▶ _EXERCISE MATERIAL_:
=-=-=
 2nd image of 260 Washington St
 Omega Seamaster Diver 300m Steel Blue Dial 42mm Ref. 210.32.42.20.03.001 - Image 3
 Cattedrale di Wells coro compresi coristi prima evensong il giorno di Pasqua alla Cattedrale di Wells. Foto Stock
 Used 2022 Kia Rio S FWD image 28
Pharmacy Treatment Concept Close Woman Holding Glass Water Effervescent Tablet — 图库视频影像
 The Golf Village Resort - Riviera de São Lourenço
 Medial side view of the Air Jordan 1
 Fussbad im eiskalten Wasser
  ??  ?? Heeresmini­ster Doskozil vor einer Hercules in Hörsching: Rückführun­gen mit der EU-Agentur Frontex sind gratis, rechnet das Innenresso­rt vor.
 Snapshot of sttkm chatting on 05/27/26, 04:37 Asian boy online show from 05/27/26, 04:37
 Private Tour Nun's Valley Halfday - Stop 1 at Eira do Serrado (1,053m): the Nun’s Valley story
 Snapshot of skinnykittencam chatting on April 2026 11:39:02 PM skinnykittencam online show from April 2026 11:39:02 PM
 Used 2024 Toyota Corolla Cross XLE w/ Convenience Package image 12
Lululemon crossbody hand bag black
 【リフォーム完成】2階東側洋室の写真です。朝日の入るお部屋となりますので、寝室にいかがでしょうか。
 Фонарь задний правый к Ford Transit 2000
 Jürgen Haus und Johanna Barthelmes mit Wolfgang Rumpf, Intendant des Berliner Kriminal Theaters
=-=-=
▶ _THE PROBLEM_: Return the span of lines in the data above that opens at the line with "Pharmacy Treatment Concept" and closes at the line with "Fussbad im eiskalten Wasser", exactly, ends included, nothing else.

▶ _YOUR RESPONSE_:
Pharmacy Treatment Concept Close Woman Holding Glass Water Effervescent Tablet — 图库视频影像
 The Golf Village Resort - Riviera de São Lourenço
 Medial side view of the Air Jordan 1
 Fussbad im eiskalten Wasser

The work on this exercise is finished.